HOW TO BECOME A VERSATILE DEER HUNTER

Stand Hunting

Editor's Note: Successful deer hunting involves problem solving and decision making. But to consistently succeed, you must know when to change strategies and why to abandon a hunt plan and have the flexibility to institute those changes. Weather, hunting pressure, the availability of food, the rut and your intuition all determine how, when and where you should hunt. You must be versatile.

A few years ago I stalk-hunted at White Oak Plantation near Tuskegee, Alabama. The 500-acre area I had to hunt had a road surrounding it. Since I had three days to hunt, I decided to stalk the road the first day to determine as much as I could about the perimeter of the property. Then I could make a more-informed decision about the most-productive places to hunt.

My hunt began in the early afternoon. I slowly slipped down the road until nearly dark. When I arrived at the backside of the property, I found good deer habitat like hardwood bottoms, thickets and clearcuts. As the light faded, I had to quickly walk down this part of the road rather than slowly stalk it as I normally would.

Back at camp that night, I began to think about my next day's hunt. More than likely everyone who hunted that same block of woods in the afternoon had had to hurry down the backside of the property and not hunt it thoroughly. If the hunters went down the road in the morning, they wouldn't reach the backside of the property until 10:00 or 11:00 a.m. Since all the hunters went into the property the same way and traveled down the road in the same direction, I assumed the land's backside probably had had the least amount of hunting pressure at first light.

Also because of the availability of plenty of acorns in the region for the deer to feed on and numbers of briar thickets and cut-overs where the deer could bed, I decided the most deer movement should occur on the backside of the property at daylight when the deer moved out of the thickets and started to feed on the acorns. The animals fed from daylight until 8:00 or 9:00 a.m. and then returned to the thickets before the hunters sneaked down the road at 10:00 or 11:00 a.m.
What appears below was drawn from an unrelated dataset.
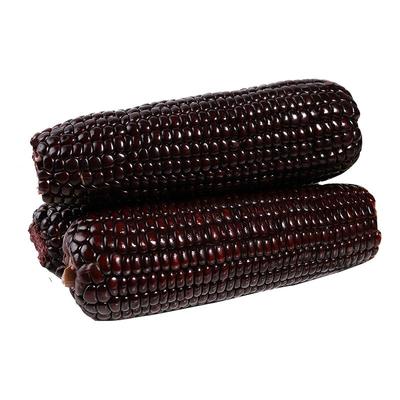 12根包邮新鲜双棒甜嫩黑糯玉米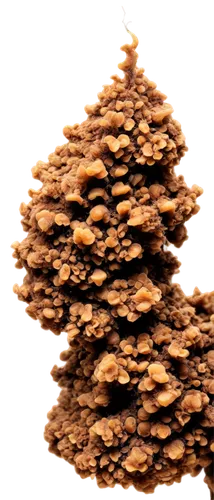 tree mushroom,polypore,fir cone,mandelbulb,pine cone ornament,polypores,mushroom landscape,teliospores,fir tree,phellinus,fir tree decorations,dothideomycetes,disc fungus,penny tree,lycopodium,basidiomycete,pholiota,pine cone,fir needles,ascospores,Illustration,Realistic Fantasy,Realistic Fantasy 14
Instead of stalking down the road the next morning as most hunters had done, I went to the backside of the property before daylight to a stand site I'd picked out the afternoon before on the edge of a creek bottom in an acorn flat. While on my stand waiting on the first rays of daylight, I had an uncomfortable feeling I hadn't taken a stand in the best place.

Most hunters when stand hunting don't sit in one spot long enough to take a deer. However, I didn't want to move simply for the sake of moving. I'd also planned to hunt a transition area where a 3-year-old clearcut dropped off a hill into a hardwood bottom bordered by a stream at some time during my three-day stay. A narrow strip of woods there formed a bottleneck and provided a productive feeding site -- the hardwood bottom -- close to a bedding site -- the clearcut.

Because I'd learned the intuitive side of my brain often made better decisions than the reasoning side of my brain, I often followed my hunches when hunting. On this day, I left the creek bottom just as day broke and hurried to the edge of the clearcut. This time the spot felt right.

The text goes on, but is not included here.